**PROBLEM DETAILS**:
Below are entries; copy exactly the lines from the one with "MTV Unplugged Tribute" through the one with "Londres: Ruta a", both included, and leave out the rest.

DATA SHOWN section start

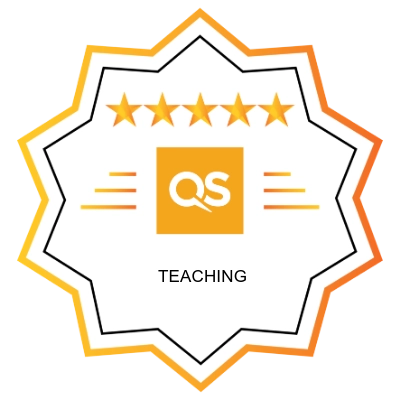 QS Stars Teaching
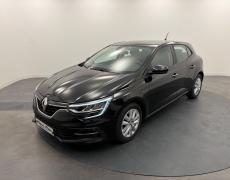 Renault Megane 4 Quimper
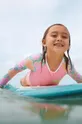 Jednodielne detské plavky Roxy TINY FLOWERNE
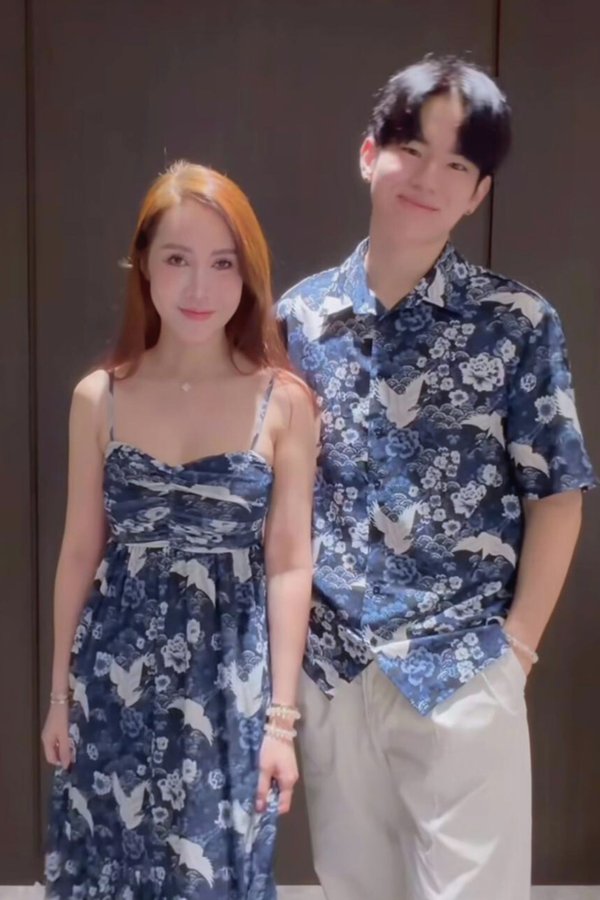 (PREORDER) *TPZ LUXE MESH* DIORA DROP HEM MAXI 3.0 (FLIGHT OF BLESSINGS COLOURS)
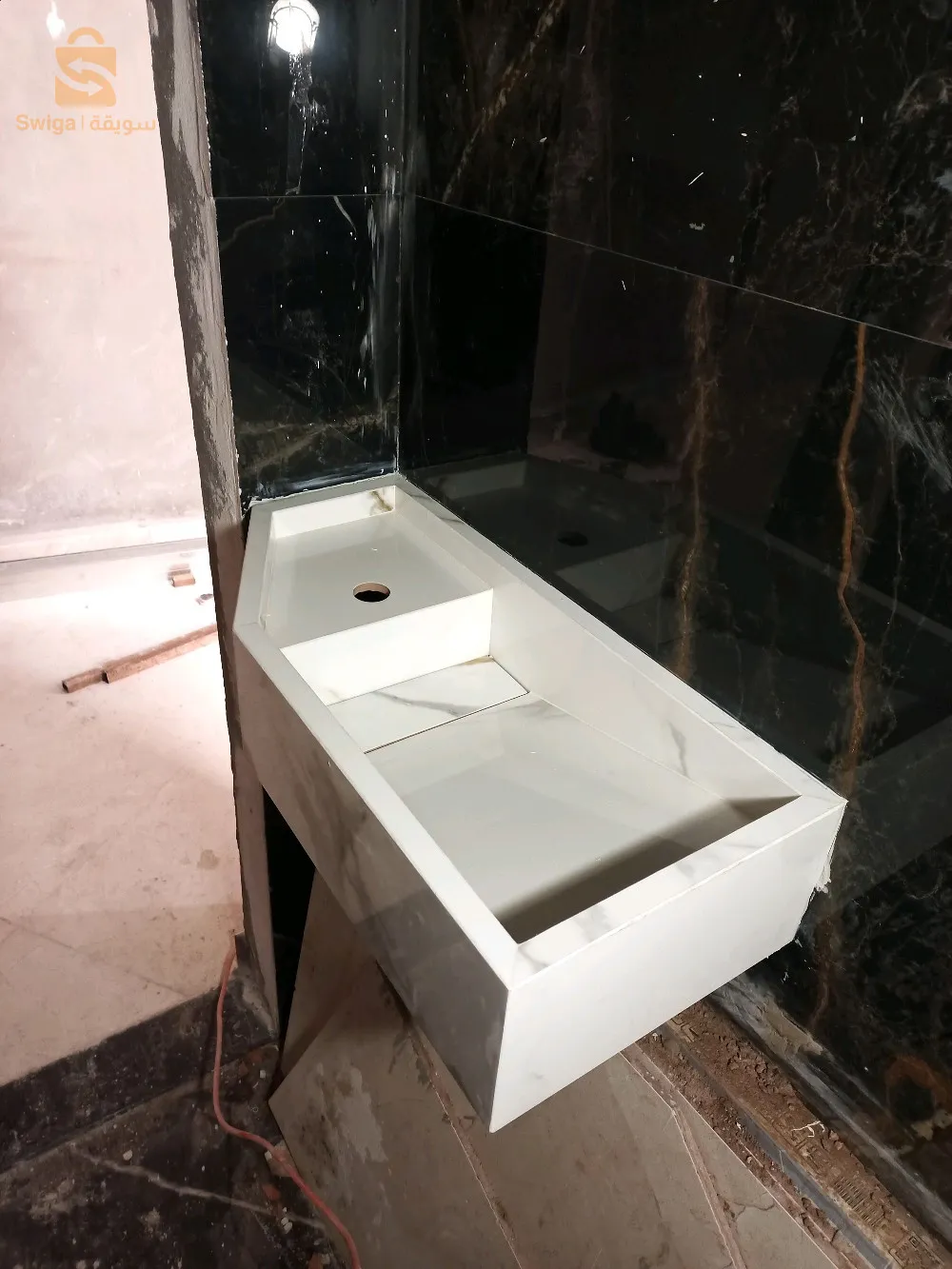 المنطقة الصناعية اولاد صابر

DATA SHOWN section end
DATA SHOWN section start

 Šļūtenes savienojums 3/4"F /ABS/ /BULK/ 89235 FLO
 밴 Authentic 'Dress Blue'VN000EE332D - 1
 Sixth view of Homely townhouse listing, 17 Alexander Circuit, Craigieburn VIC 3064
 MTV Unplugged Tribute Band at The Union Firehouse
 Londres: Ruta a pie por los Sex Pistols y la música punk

DATA SHOWN section end

**FINISHED TASK**:
 MTV Unplugged Tribute Band at The Union Firehouse
 Londres: Ruta a pie por los Sex Pistols y la música punk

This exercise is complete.